See accompanying notes to condensed consolidated financial statements.


4




MATTSON TECHNOLOGY, INC. AND SUBSIDIARIES
CONDENSED CONSOLIDATED STATEMENTS OF CASH FLOWS
(in thousands)
(unaudited)


Six Months Ended
------------------------
June 29, June 30,
2003 2002
-------- ---------
Cash flows from operating activities:

Net loss $(25,537) $ (50,300)
Adjustments to reconcile net loss to net cash
used in operating activities:
Depreciation 3,248 4,855
Deferred taxes 578 (1,214)
Amortization of goodwill and intangibles 1,496 3,374
Loss on disposal of Wet Business 10,257 -
Loss on disposal of property and equipment 651 607
Stock-based compensation - 125
Changes in assets and liabilities, net of effect of acquisitions:
Accounts receivable 11,841 17,527
Advance billings 3,172 20,703
Inventories 3,852 9,340
Inventories - delivered systems 14,059 24,572
Prepaid expenses and other current assets (6,431) 2,400
Other assets 897 (745)
Accounts payable (3,207) 2,597
Accrued liabilities 1,550 (8,759)
Deferred revenue (28,143) (31,381)
-------- ---------
Net cash used in operating activities (11,717) (6,299)
-------- ---------

Cash flows from investing activities:
Purchases of property and equipment (891) (652)
Proceeds from the sale of equipment - 2,939
Proceeds from the disposition of Wet Business 2,000 -
Purchases of investments - (5,118)
Proceeds from the sale and maturity of investments - 9,590
-------- ---------
Net cash provided by investing activities 1,109 6,759
-------- ---------
Cash flows from financing activities:
Restricted cash 512 (863)
Payments on line of credit and long-term debt (475) (5,341)
Borrowings against line of credit 810 194
Payment on STEAG notes payable - (1,204)
Change in interest accrual on STEAG note - 1,255
Proceeds from the issuance of common stock, net of costs - 34,861
Proceeds from the issuance of common stock under stock plans 325 1,342
-------- ---------
Net cash provided by financing activities 1,172 30,244
-------- ---------
Effect of exchange rate changes on cash and cash equivalents 5,720 6,628
-------- ---------
Net increase (decrease) in cash and cash equivalents (3,716) 37,332
Cash and cash equivalents, beginning of period 87,879 64,057
-------- ---------
Cash and cash equivalents, end of period $ 84,163 $ 101,389
======== =========



See accompanying notes to condensed consolidated financial statements.

5



MATTSON TECHNOLOGY, INC. AND SUBSIDIARIES
NOTES TO CONDENSED CONSOLIDATED FINANCIAL STATEMENTS
June 29, 2003
(unaudited)

Note 1 Basis of Presentation

The accompanying unaudited condensed consolidated financial statements have
been prepared in accordance with generally accepted accounting principles in the
United States of America for interim financial information and with the
instructions to Form 10-Q and Regulation S-X. Accordingly, they do not include
all of the information and footnotes required by generally accepted accounting
principles for complete financial statements. In the opinion of management, all
adjustments (consisting of normal recurring adjustments) considered necessary
for a fair presentation have been included. The condensed consolidated balance
sheet as of December 31, 2002 has been derived from the audited financial
statements as of that date, but does not include all disclosures required by
generally accepted accounting principles. The financial statements should be
read in conjunction with the audited financial statements included in our Annual
Report on Form 10-K for the year ended December 31, 2002.
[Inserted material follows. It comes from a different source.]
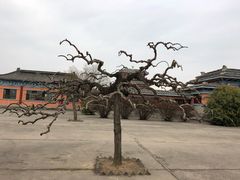 -洛阳古墓博物馆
The preparation of financial statements in conformity with accounting
principles generally accepted in the United States of America requires
management to make estimates and assumptions that affect the reported amounts of
assets and liabilities at the date of the financial statements and the reported
amounts of revenues and expenses during the reporting periods. Estimates are
used for, but are not limited to, the accounting for the allowance for doubtful
accounts, inventory reserves, depreciation and amortization periods, sales
returns, warranty costs and income taxes. Actual results could differ from these
estimates.

The condensed consolidated financial statements include the accounts of
Mattson Technology, Inc. and its subsidiaries. All intercompany accounts and
transactions have been eliminated in consolidation.

The results of operations for the three and six months ended June 29, 2003
are not necessarily indicative of results that may be expected for the future
quarters or for the entire year ending December 31, 2003.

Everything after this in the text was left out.